> **Data section**
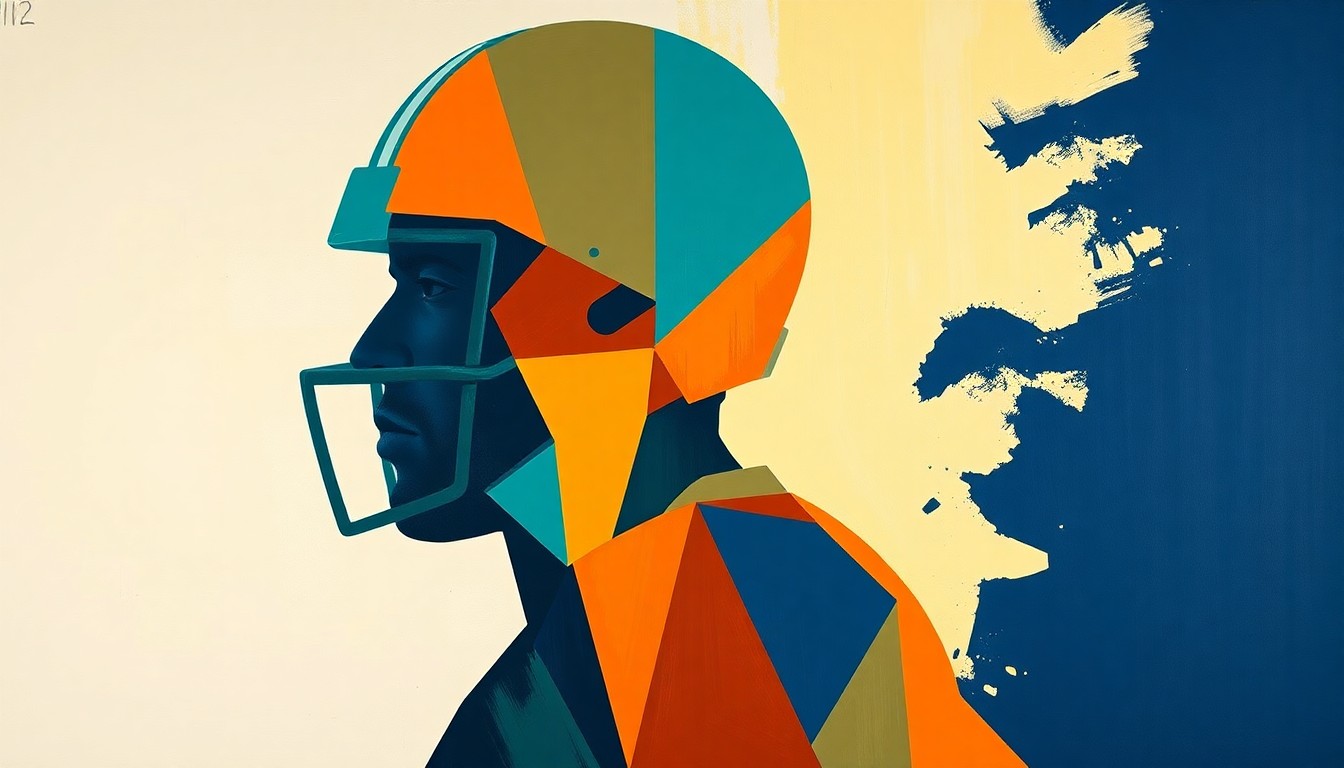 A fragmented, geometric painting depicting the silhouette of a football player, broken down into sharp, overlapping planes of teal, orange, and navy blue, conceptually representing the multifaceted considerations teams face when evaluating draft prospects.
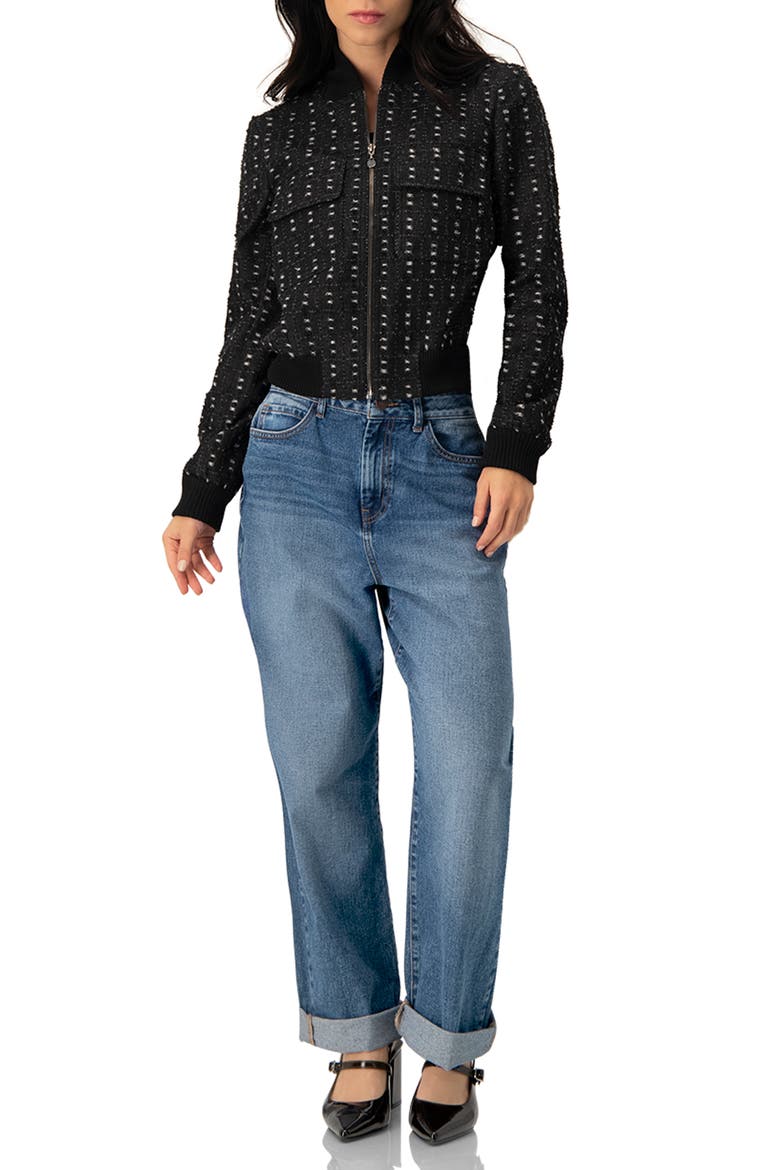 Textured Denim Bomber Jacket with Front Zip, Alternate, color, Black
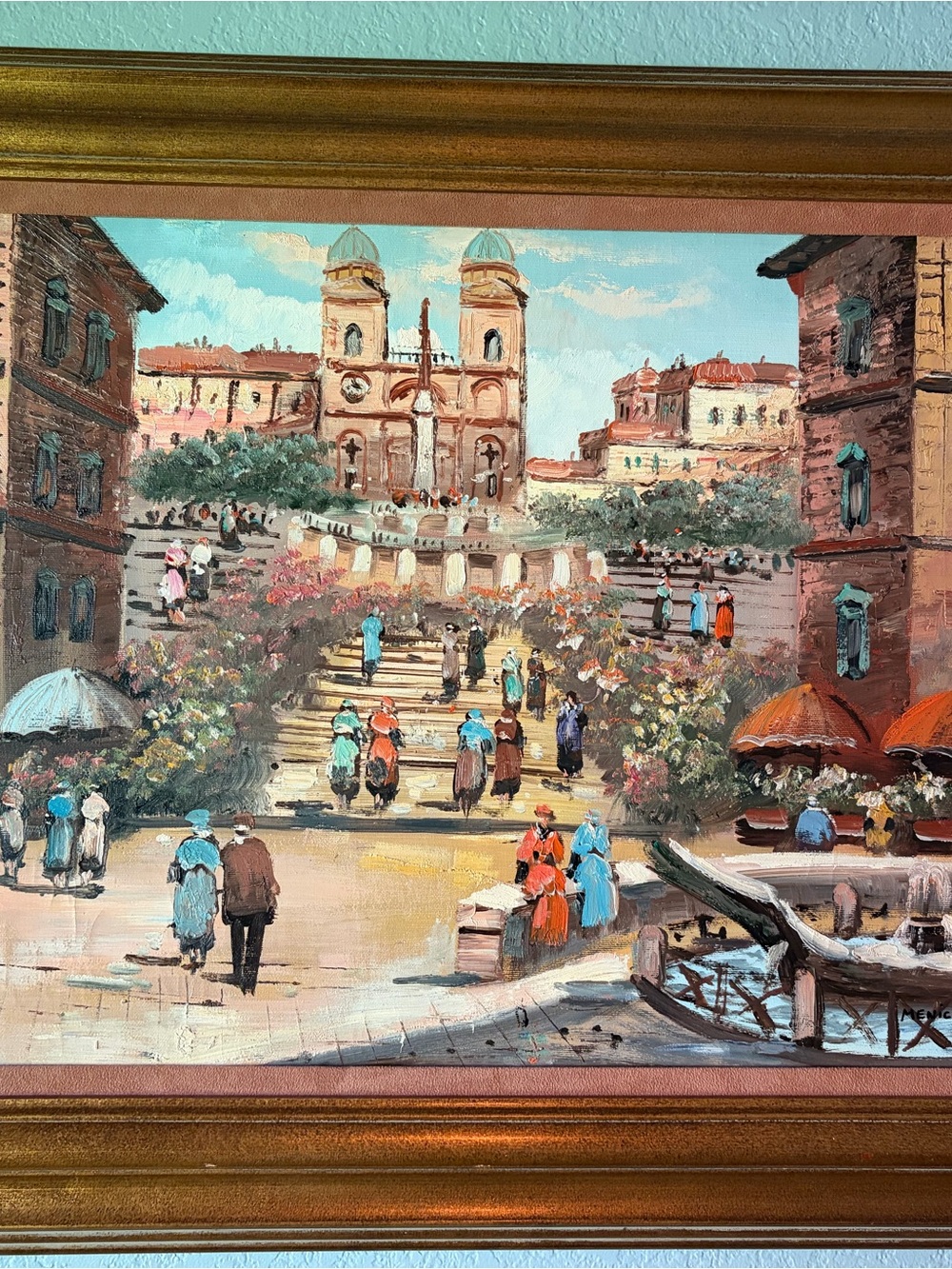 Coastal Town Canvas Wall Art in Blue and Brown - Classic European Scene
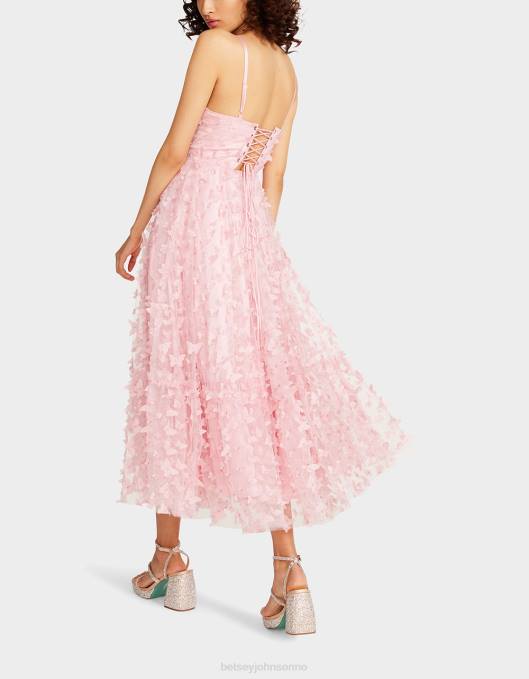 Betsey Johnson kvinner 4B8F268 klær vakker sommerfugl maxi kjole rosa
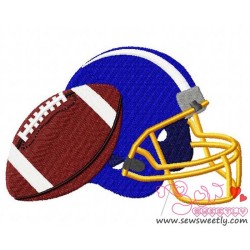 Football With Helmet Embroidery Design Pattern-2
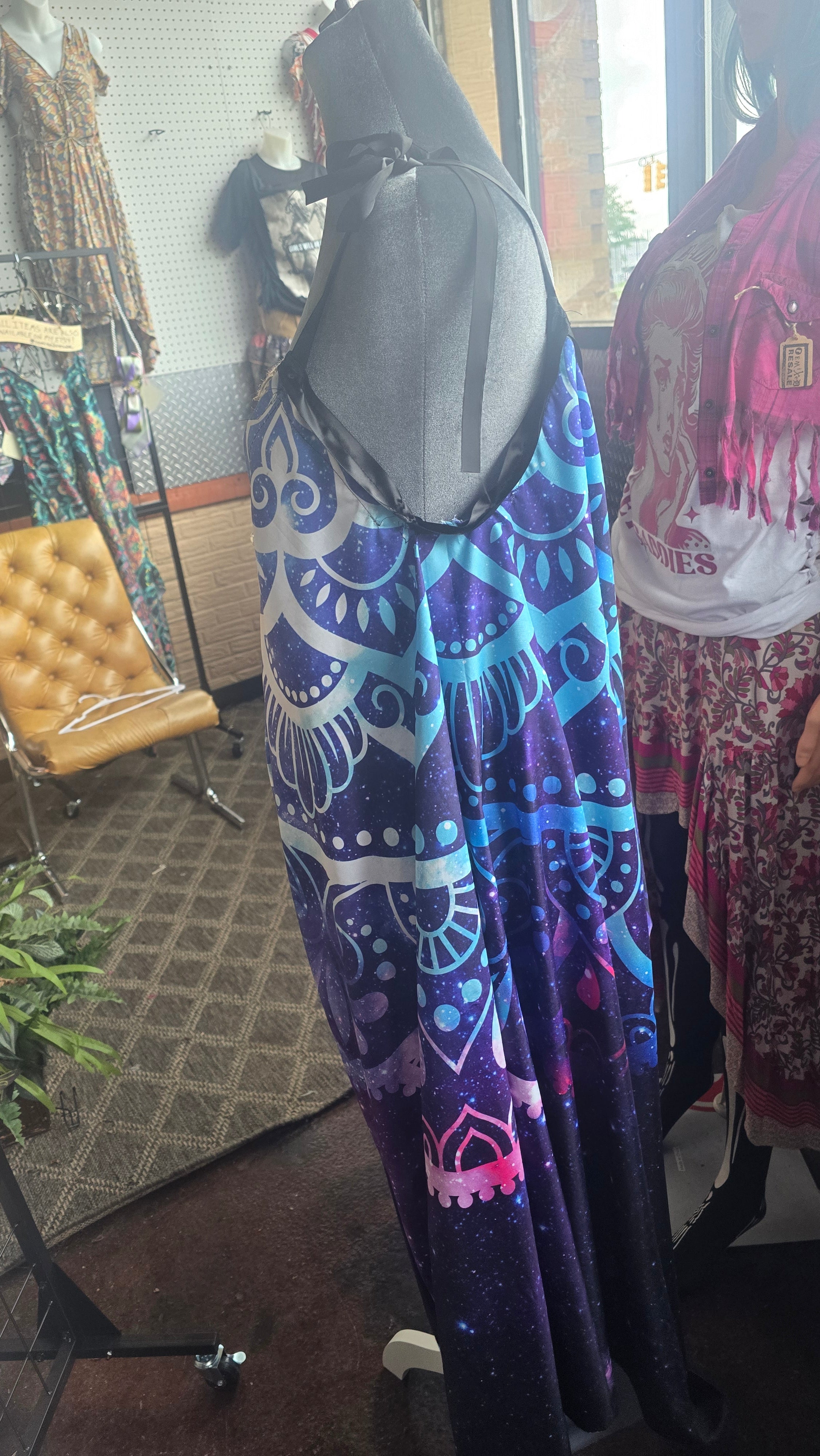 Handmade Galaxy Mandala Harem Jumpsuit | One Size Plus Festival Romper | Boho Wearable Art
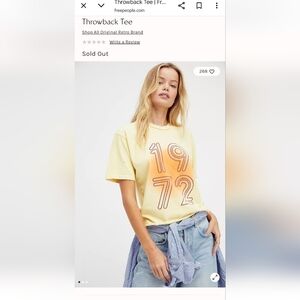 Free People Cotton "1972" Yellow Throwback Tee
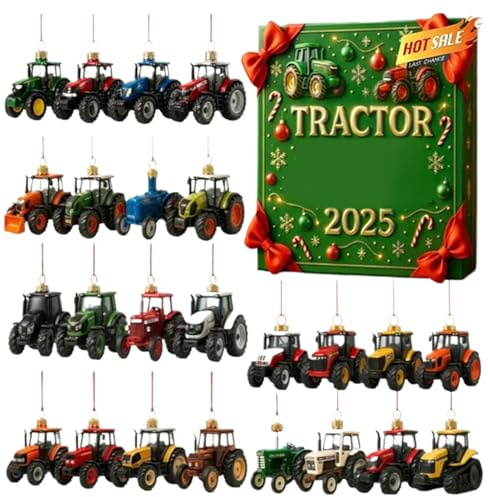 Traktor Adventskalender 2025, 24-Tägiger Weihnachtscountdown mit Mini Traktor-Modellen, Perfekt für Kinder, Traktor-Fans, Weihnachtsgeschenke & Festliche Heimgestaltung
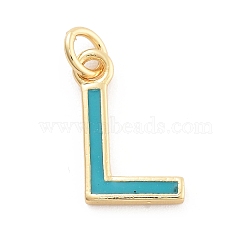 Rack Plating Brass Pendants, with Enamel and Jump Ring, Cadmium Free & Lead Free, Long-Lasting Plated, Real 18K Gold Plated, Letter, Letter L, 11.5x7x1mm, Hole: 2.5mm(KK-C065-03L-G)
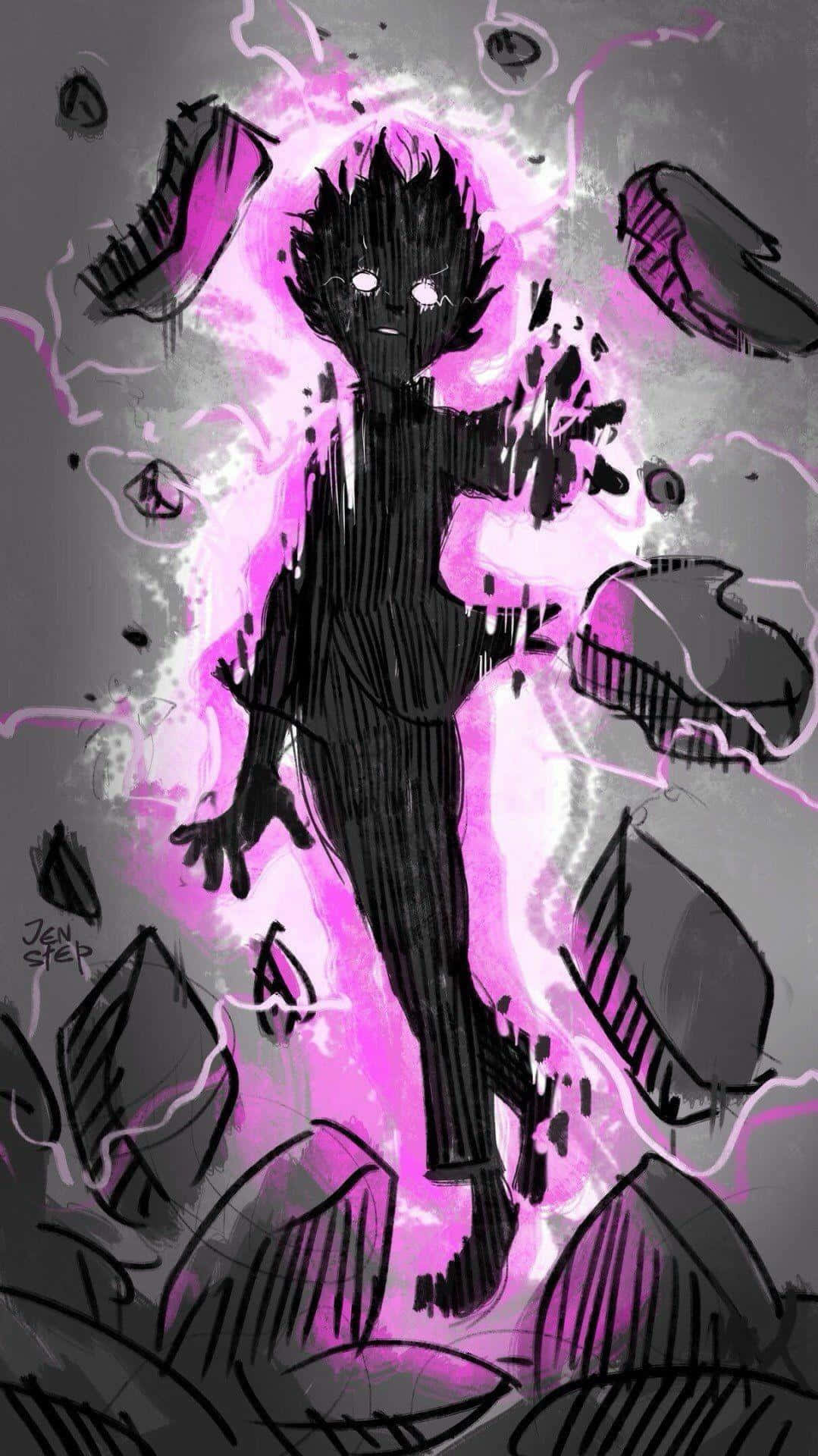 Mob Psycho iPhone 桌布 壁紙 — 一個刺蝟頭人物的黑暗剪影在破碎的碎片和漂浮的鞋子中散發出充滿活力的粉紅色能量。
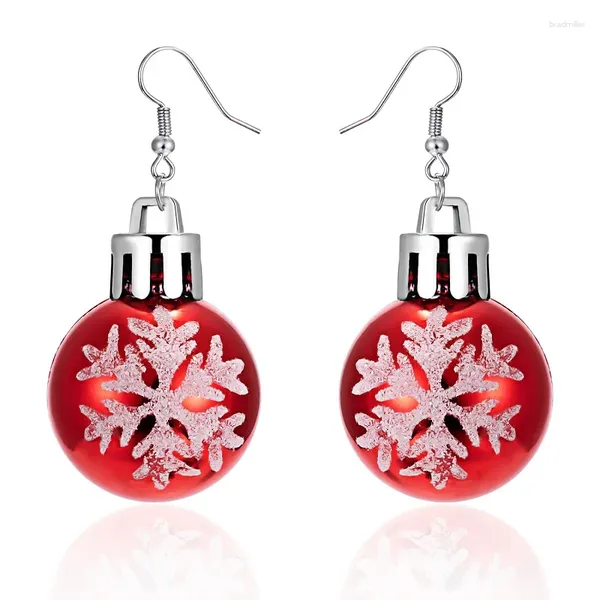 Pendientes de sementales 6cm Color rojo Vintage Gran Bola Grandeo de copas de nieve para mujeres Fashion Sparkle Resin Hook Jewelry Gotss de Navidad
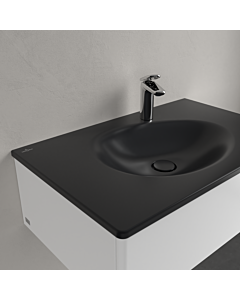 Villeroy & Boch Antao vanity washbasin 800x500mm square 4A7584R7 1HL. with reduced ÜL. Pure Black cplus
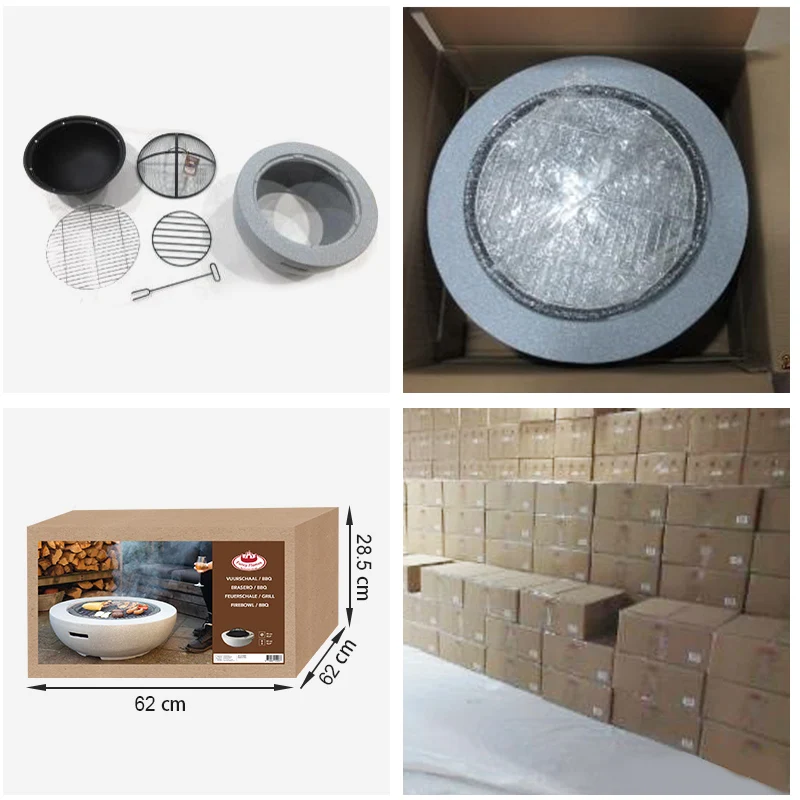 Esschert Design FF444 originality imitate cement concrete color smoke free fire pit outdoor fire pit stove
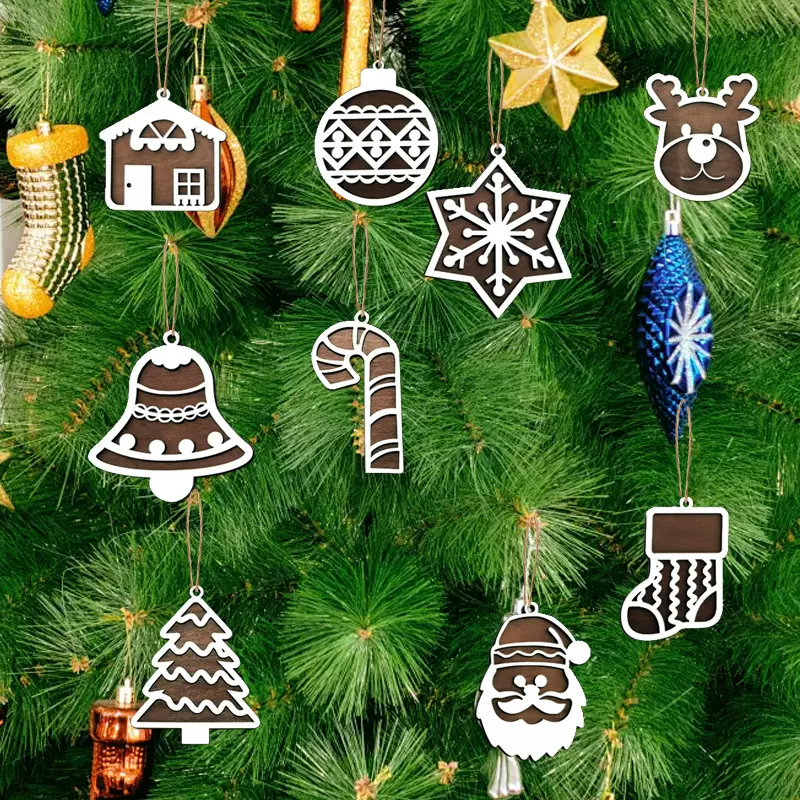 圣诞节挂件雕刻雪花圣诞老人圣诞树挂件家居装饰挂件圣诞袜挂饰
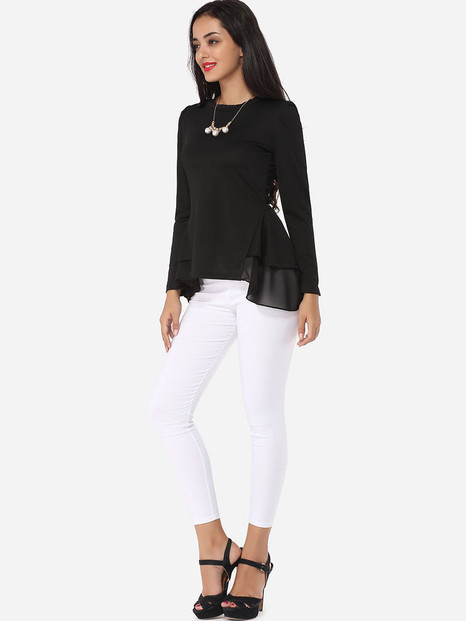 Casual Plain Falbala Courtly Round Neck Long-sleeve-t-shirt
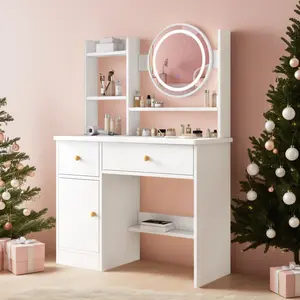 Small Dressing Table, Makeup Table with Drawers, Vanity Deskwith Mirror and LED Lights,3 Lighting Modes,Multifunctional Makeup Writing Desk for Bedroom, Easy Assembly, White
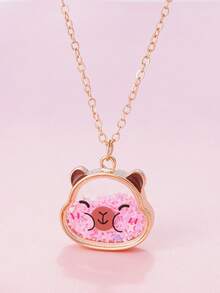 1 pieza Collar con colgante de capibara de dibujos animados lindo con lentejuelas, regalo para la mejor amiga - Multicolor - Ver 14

> **Instructions for the task**
Return every line shown above without changing a word, and skip the pictures.

> **Response to the task**
 A fragmented, geometric painting depicting the silhouette of a football player, broken down into sharp, overlapping planes of teal, orange, and navy blue, conceptually representing the multifaceted considerations teams face when evaluating draft prospects.
 Textured Denim Bomber Jacket with Front Zip, Alternate, color, Black
 Coastal Town Canvas Wall Art in Blue and Brown - Classic European Scene
 Betsey Johnson kvinner 4B8F268 klær vakker sommerfugl maxi kjole rosa
 Football With Helmet Embroidery Design Pattern-2
 Handmade Galaxy Mandala Harem Jumpsuit | One Size Plus Festival Romper | Boho Wearable Art
 Free People Cotton "1972" Yellow Throwback Tee
 Traktor Adventskalender 2025, 24-Tägiger Weihnachtscountdown mit Mini Traktor-Modellen, Perfekt für Kinder, Traktor-Fans, Weihnachtsgeschenke & Festliche Heimgestaltung
 Rack Plating Brass Pendants, with Enamel and Jump Ring, Cadmium Free & Lead Free, Long-Lasting Plated, Real 18K Gold Plated, Letter, Letter L, 11.5x7x1mm, Hole: 2.5mm(KK-C065-03L-G)
 Mob Psycho iPhone 桌布 壁紙 — 一個刺蝟頭人物的黑暗剪影在破碎的碎片和漂浮的鞋子中散發出充滿活力的粉紅色能量。
 Pendientes de sementales 6cm Color rojo Vintage Gran Bola Grandeo de copas de nieve para mujeres Fashion Sparkle Resin Hook Jewelry Gotss de Navidad
 Villeroy & Boch Antao vanity washbasin 800x500mm square 4A7584R7 1HL. with reduced ÜL. Pure Black cplus
 Esschert Design FF444 originality imitate cement concrete color smoke free fire pit outdoor fire pit stove
 圣诞节挂件雕刻雪花圣诞老人圣诞树挂件家居装饰挂件圣诞袜挂饰
 Casual Plain Falbala Courtly Round Neck Long-sleeve-t-shirt
 Small Dressing Table, Makeup Table with Drawers, Vanity Deskwith Mirror and LED Lights,3 Lighting Modes,Multifunctional Makeup Writing Desk for Bedroom, Easy Assembly, White
 1 pieza Collar con colgante de capibara de dibujos animados lindo con lentejuelas, regalo para la mejor amiga - Multicolor - Ver 14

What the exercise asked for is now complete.